[From Bill Powers (940805.1150 MDT)]
Paul George (940804.1600) --
Having finished B:CP, I think it is a good piece of work. Too bad so
much of it seems to be ignored in most of the research and the
discussions here, which seem focused on the 'worm's eye view' of PCT
(1st & 2nd order control). Perhaps because the other concepts are
deemed 'uninteresting'?
Having finished the book, you can now speak with more assurance about
what PCT is than others who haven't -- as you now realize.
Avery Andrews explained the position well. There are lots of people
guessing about how the higher levels work, but there's no unifying
principle to tie such work into the whole system. The biggest problem is
in designing research and doing simulations without understanding how
higher-level perceptions work, or even exactly what the higher levels
are. So we work where we're more sure of our ground, trying to develop
methods that will apply generally but not going too far beyond what we
can demonstrate. It will be up to smart people like you to push the
boundaries further upward in the hierarchy.
In terms of the reorganization system, why must the reference variables
be _intrinsic_ and physiological? (I equate 'intrinsic' with hardwired
or inborn).
The main reason is that I needed something that _could_ be inborn, to
provide the basis for the development of the hierarchy from infancy (or
before) onward. I see the hierarchy in the neonate as a set of possible
control systems, with the necessary sorts of computations provided for
at each level but no wiring and no organization yet. We have to learn to
perceive everything, at every level, and also how to control what we
perceive. As I said in the book, this is a worst-case model, where there
is an absolute minimum of inborn organization. The reorganizing system
has to work under these worst-case conditions, where even the _concept_
of an algorithm or systematic strategy hasn't been developed yet.

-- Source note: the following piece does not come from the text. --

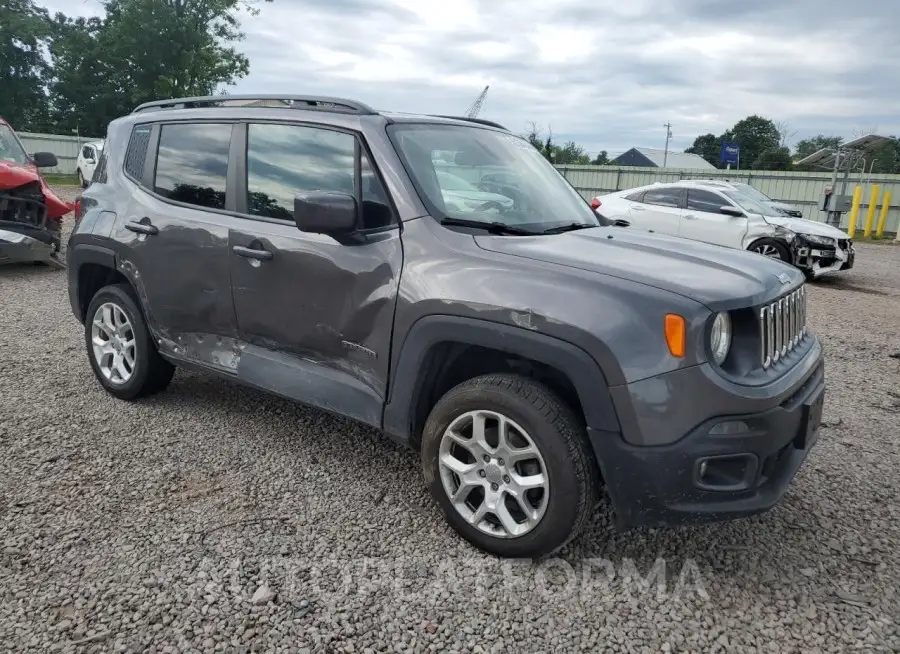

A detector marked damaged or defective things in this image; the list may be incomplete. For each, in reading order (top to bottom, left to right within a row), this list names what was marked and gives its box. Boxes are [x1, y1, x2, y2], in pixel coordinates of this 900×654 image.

damaged red car [1, 118, 74, 270]
damaged white bmw [596, 181, 856, 280]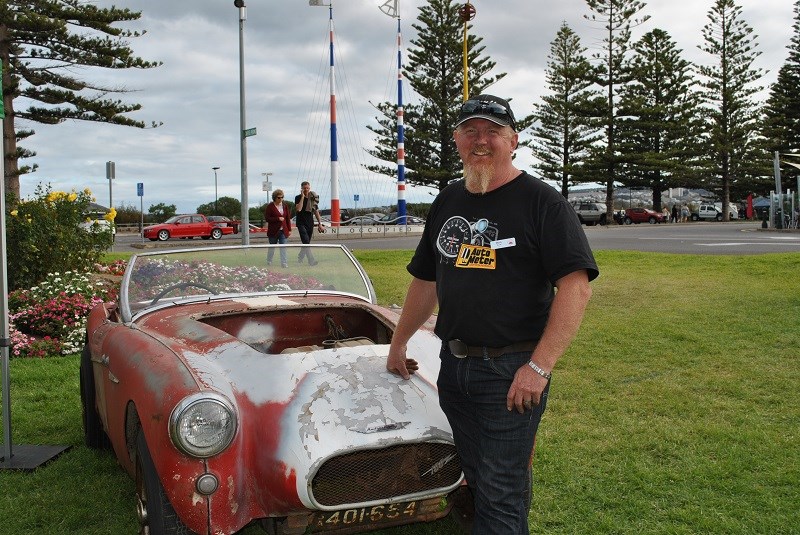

If everything from sensations to systems concepts has to be learned, we
obviously can't count on anything in those categories as an aid to
learning. The process of reorganization, in short, can't be intelligent,
because it has to work properly before any intelligence is developed. So
I asked myself what the basis for reorganization could possibly be with
those rather severe restrictions, and came up with the answer that it
has to be concerned with the status of the organism itself. That's where
the idea of intrinsic variables came from (that, and from W. Ross Ashby,
who called these "critical variables" and postulated a random switching
device which was the direct ancestor of my idea). There's no real need
to guess at what the intrinsic variables are; all we need to specify is
that they be affected by the way the organism behaves in an environment,
and that no knowledge of the external world or its laws be involved.
Ashby assumed that there were built-in upper and lower limits on
critical variables, exceeding which started the random switching
process. I substituted the idea of reference signals, but that's a minor
difference (two-way instead of one-way control). He also saw that such a
system would be "superstable" in that it would keep randomly switching
until the critical variables were once again within limits -- regardless
of _why_ they came back within limits. I simply adopted that principle;
it's still the basic principle of reorganization in PCT.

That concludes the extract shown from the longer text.